**Exercise aim**
Repeat the following lines exactly and nothing else: the line containing "10pcs 304 Stainless" and each line after it through the end of the listing.

**Records for this task**
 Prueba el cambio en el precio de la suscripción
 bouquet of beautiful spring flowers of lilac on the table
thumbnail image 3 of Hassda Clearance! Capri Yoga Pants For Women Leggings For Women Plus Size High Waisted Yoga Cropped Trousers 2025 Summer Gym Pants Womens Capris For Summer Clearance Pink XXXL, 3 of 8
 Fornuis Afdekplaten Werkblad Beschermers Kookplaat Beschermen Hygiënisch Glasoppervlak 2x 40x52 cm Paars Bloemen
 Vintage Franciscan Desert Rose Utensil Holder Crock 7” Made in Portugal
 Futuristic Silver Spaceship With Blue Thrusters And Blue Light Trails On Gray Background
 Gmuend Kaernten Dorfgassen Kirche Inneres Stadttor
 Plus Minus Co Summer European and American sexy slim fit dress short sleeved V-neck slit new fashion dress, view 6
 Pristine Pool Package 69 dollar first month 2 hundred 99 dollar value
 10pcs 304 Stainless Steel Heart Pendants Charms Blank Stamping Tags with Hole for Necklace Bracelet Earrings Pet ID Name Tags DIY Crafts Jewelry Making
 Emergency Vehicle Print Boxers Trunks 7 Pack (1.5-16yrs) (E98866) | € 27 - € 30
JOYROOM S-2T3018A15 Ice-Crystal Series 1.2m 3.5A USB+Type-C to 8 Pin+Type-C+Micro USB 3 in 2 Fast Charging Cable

**Solution for this exercise**
 10pcs 304 Stainless Steel Heart Pendants Charms Blank Stamping Tags with Hole for Necklace Bracelet Earrings Pet ID Name Tags DIY Crafts Jewelry Making
 Emergency Vehicle Print Boxers Trunks 7 Pack (1.5-16yrs) (E98866) | € 27 - € 30
JOYROOM S-2T3018A15 Ice-Crystal Series 1.2m 3.5A USB+Type-C to 8 Pin+Type-C+Micro USB 3 in 2 Fast Charging Cable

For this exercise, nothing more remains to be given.